Exercise prompt:
Give again, exactly as written, each line of the material below starting at the line that contains "a person holding" and ending at the line that contains "Photo of Cup". Both ends count, and no other line does.

Material for this task:
☆ ☆ ☆ ☆
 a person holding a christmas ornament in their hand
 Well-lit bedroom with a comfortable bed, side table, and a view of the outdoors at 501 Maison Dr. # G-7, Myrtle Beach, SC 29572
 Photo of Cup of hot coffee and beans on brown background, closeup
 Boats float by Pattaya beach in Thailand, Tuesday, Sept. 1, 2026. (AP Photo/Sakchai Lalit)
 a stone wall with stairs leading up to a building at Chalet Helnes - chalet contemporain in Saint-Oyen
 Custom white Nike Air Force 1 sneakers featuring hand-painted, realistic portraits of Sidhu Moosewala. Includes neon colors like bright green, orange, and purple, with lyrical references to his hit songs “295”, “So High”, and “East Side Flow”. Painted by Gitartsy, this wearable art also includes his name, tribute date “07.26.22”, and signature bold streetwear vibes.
☆ ☆ ☆ ☆
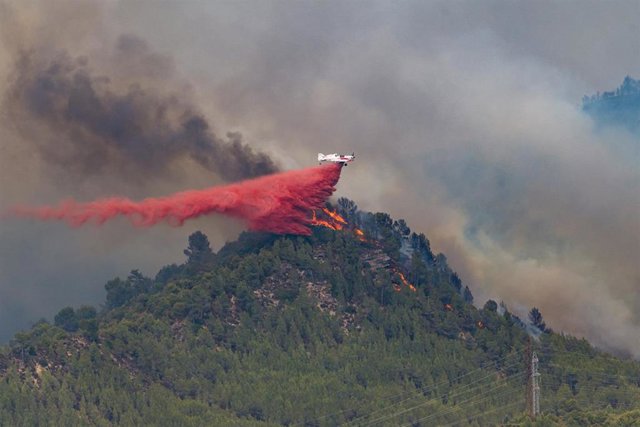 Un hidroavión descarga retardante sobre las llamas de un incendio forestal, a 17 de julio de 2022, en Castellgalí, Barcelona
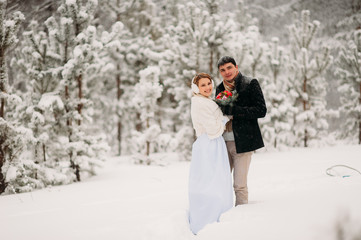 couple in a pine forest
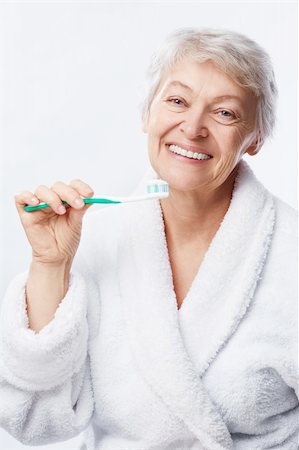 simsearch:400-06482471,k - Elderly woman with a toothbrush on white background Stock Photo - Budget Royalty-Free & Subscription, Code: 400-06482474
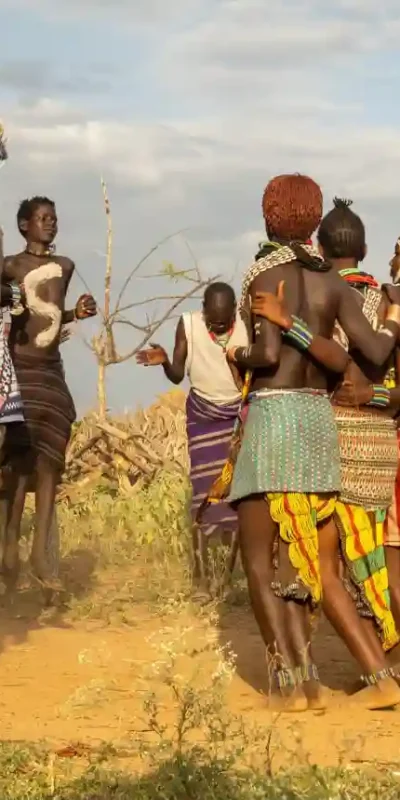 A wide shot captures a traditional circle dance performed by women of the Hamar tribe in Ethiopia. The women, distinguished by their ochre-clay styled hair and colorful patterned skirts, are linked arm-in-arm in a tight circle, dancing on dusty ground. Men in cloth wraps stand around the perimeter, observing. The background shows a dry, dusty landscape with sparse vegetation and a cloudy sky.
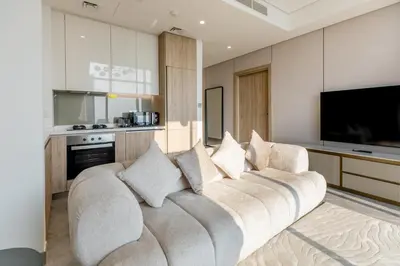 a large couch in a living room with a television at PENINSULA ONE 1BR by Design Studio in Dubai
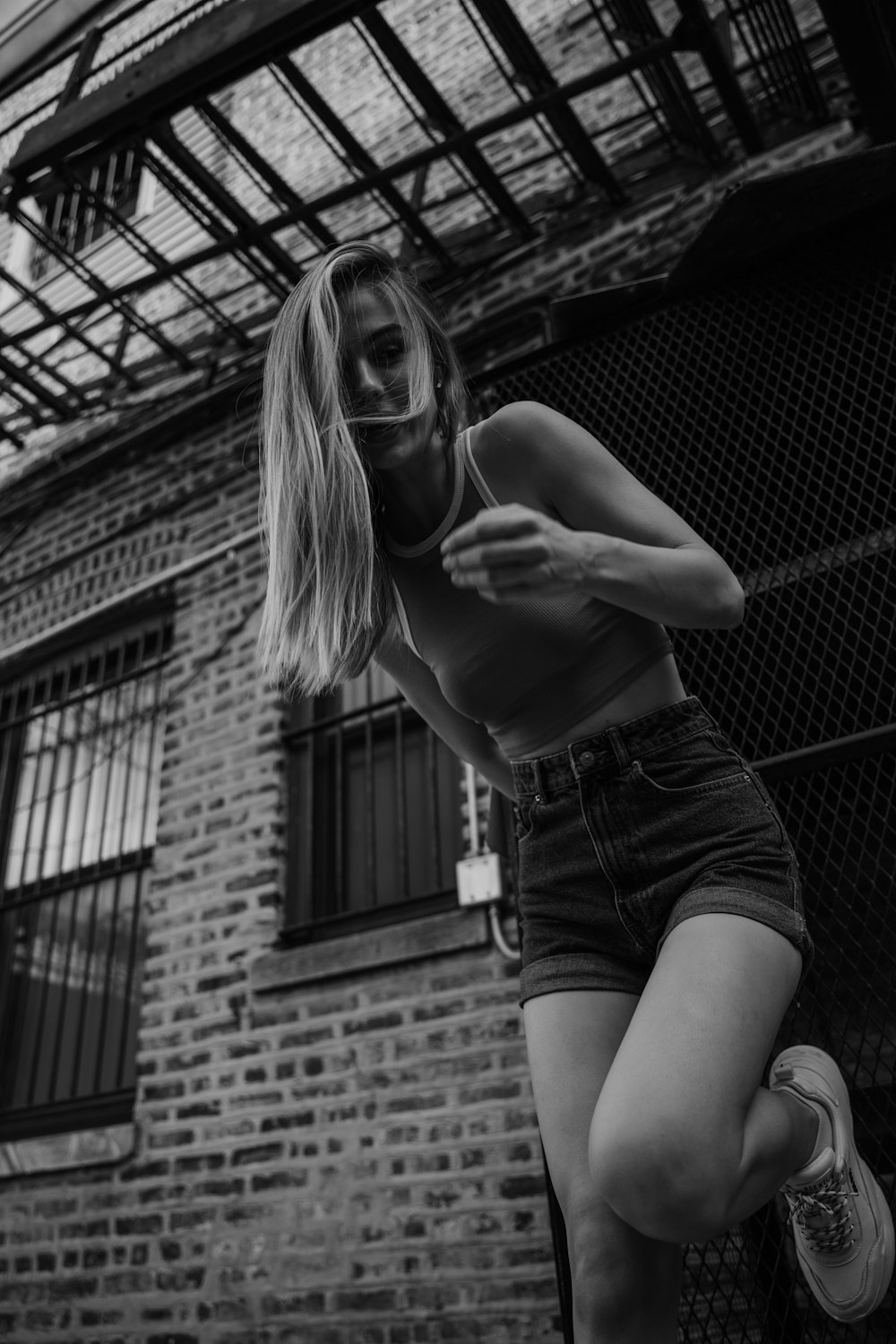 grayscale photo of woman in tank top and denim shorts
☆ ☆ ☆ ☆
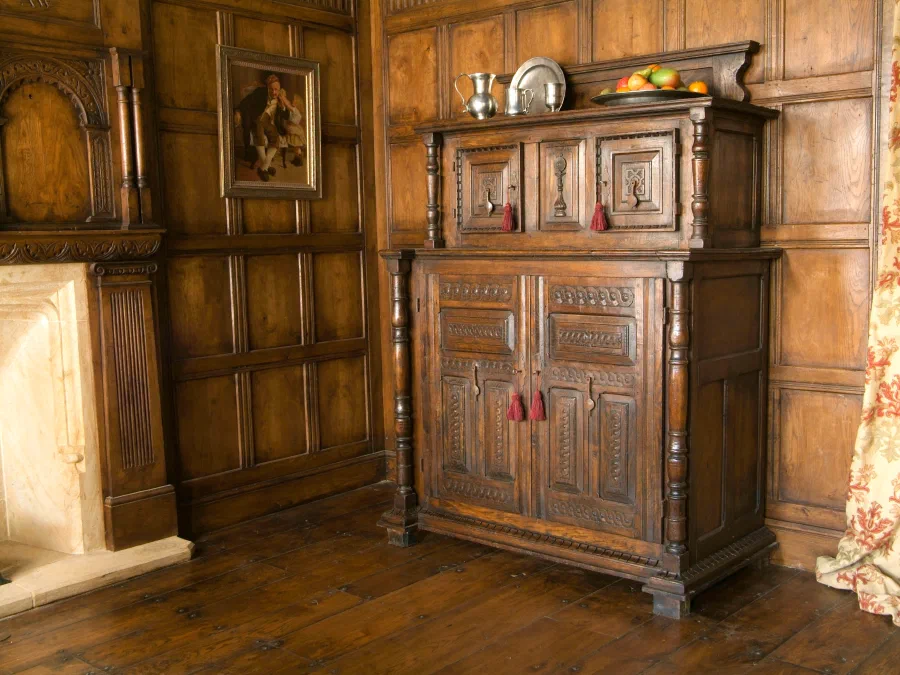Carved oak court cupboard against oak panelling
☆ ☆ ☆ ☆
Exercise output:
 a person holding a christmas ornament in their hand
 Well-lit bedroom with a comfortable bed, side table, and a view of the outdoors at 501 Maison Dr. # G-7, Myrtle Beach, SC 29572
 Photo of Cup of hot coffee and beans on brown background, closeup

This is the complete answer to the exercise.